Obs: Sgt. B.T.P. Carey 580996 RAF PoW No: 13097 Camp: Stalag Kopernikus
W/Op/Air/Gnr: Cpl. T.S. Campion 551696 RAF PoW No: 13085 Stalag Kopernikus
REASON FOR LOSS:
Airborne 08:18hrs from Amifontaine, tasked to destroy the concrete bridge spanning the Albert Kanaal at Vroenhoven. Shot down by Flak and fighters and force landed near the bridge, 24 km SE of Hasselt, Belgium at 09:20 hrs. All crew taken PoW.
During the operation 12 Squadron lost 5 aircraft, the others:
Battle L5421 Flown by P/O. T.D.H. Davey, was hit during an attack by Fw. Sawallisch of 2./JG2 and force landed - all crew survived.
Battle L5227 Flown by 28 year old Fred Marland 514450 RAF from Oldham, Lancashire, killed with all crew.
Battle P2204 Flown by 21 year old F/O. Donald E. Garland (1) 40105 RAF from East Finchley, Middlesex, killed with all his crew.
Battle L5439 Flown by P/O. I.A. Macintosh and his crew survived.

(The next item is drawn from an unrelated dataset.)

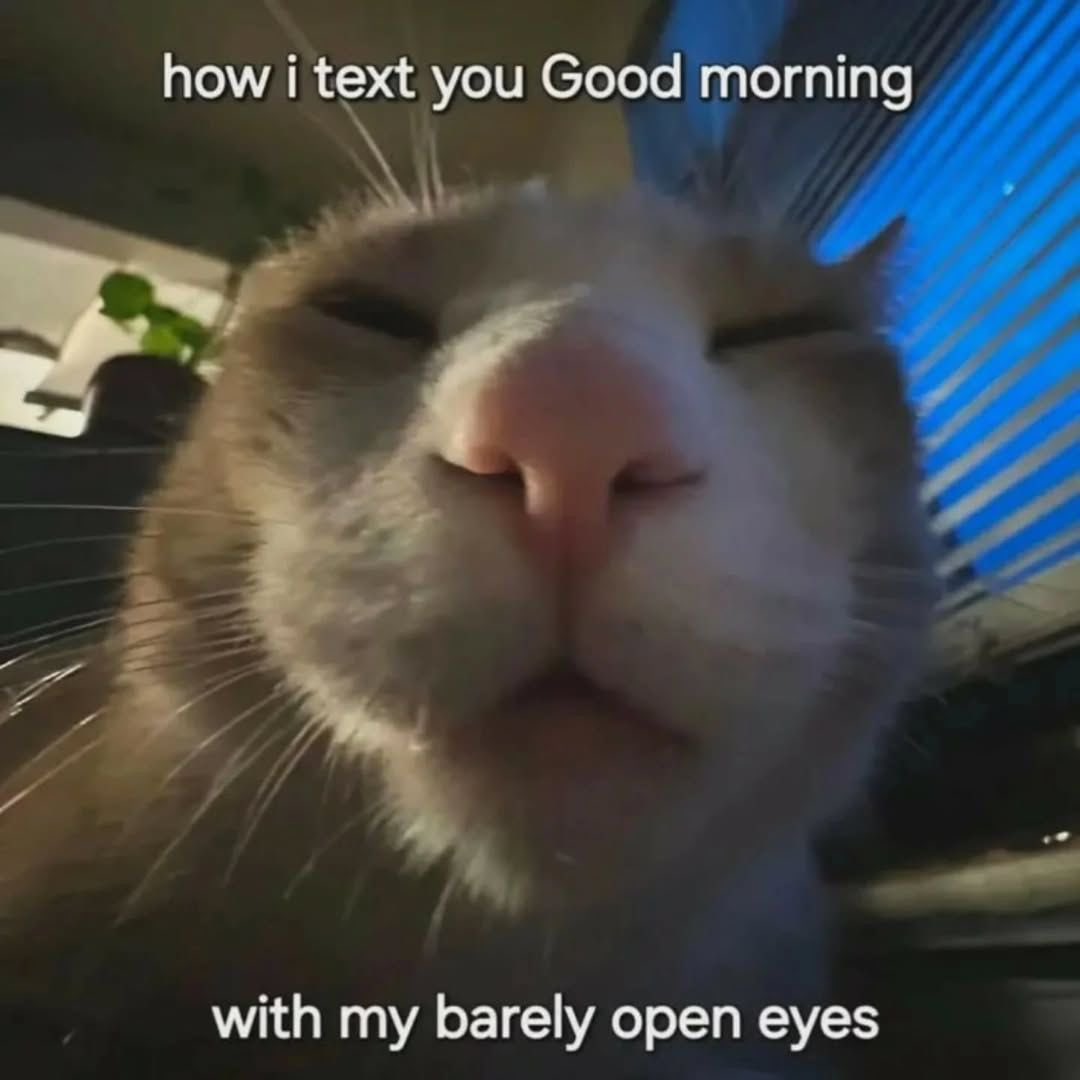 Out Of Context Animals (@animalscontexts) on Twitter photo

(1) For his actions on this operation, F/O. Donald E. Garland received the highest honour - the Victoria Cross. Citation published in the London Gazette, 11th June 1940:
“Flying Officer Garland was the pilot and Sergeant Gray the observer of the leading machine of a formation of five aircraft that were ordered to destroy, at all costs, a bridge over the Albert Canal which had not been demolished by the land forces and was allowing the Germans to advance into Belgium. In spite of very heavy defence of the area surrounding the bridge, the formation made a successful dive-bombing attack from the lowest practicable altitude, after releasing their bombs they were attacked by a large number of enemy fighters. Only one aircraft of the five returned to its base. Much of the success of the operation must be attributed to the formation leader, Flying Officer Garland, and to the coolness and resource of Sergeant Gray, who navigated the leading aircraft under most difficult conditions in such a manner that the whole formation, although it subsequently suffered heavy losses, was able successfully to attack the target.”

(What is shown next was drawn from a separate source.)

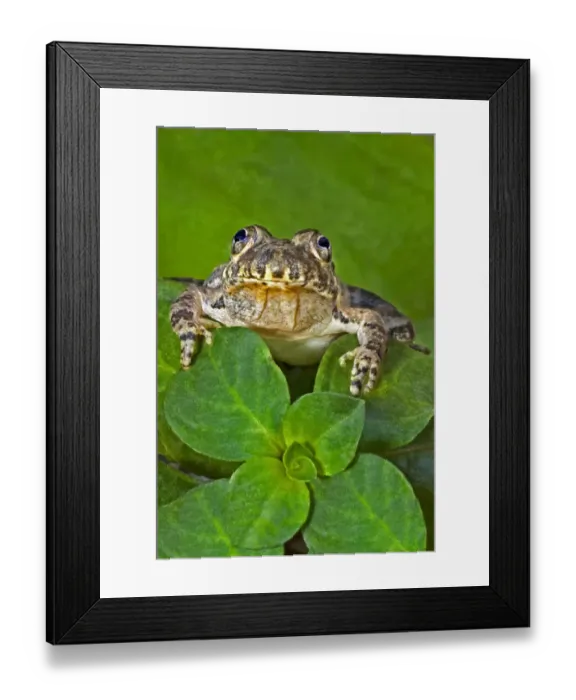 Framed Print : USA, Texas, Hill Country. Eastern barking frog on aquatic plants at in pond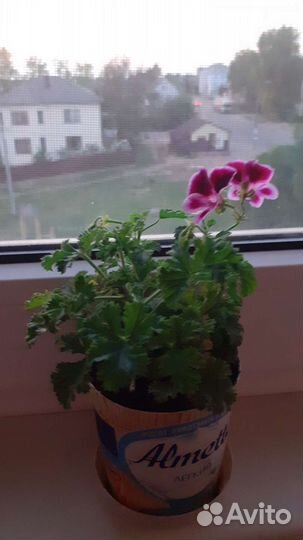 Пеларгония Ангел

Tragically the family of F/O. Donald E. Garland also lost 3 others sons:
27 year old, P/O. Desmond William Garland 115223 RAFVR of 50 Squadron, killed on the 05th June 1942. Piloting a Manchester I R5833 lost on a gardening operation in the Gorse region (5 other crew also killed, 1 taken PoW)
32 year old, Fl/ Lt. John Cuthbert Garland 101796 RAFVR, died of natural causes on the 28th February 1943.
36 year old, Fl/Lt. Patrick James Garland 49602 RAF of 2 Squadron, killed on 01st January 1945. Pilot of a Spitfire XIV RM803 - killed when the aircraft bounced on landing, overturned, killing the pilot.
None - crew survived as PoW.
Researched by Michel Beckers for Aircrew Remembered May 2015. Michel also kindly supplied photographs of the aircraft crash site. (additional information - webmaster)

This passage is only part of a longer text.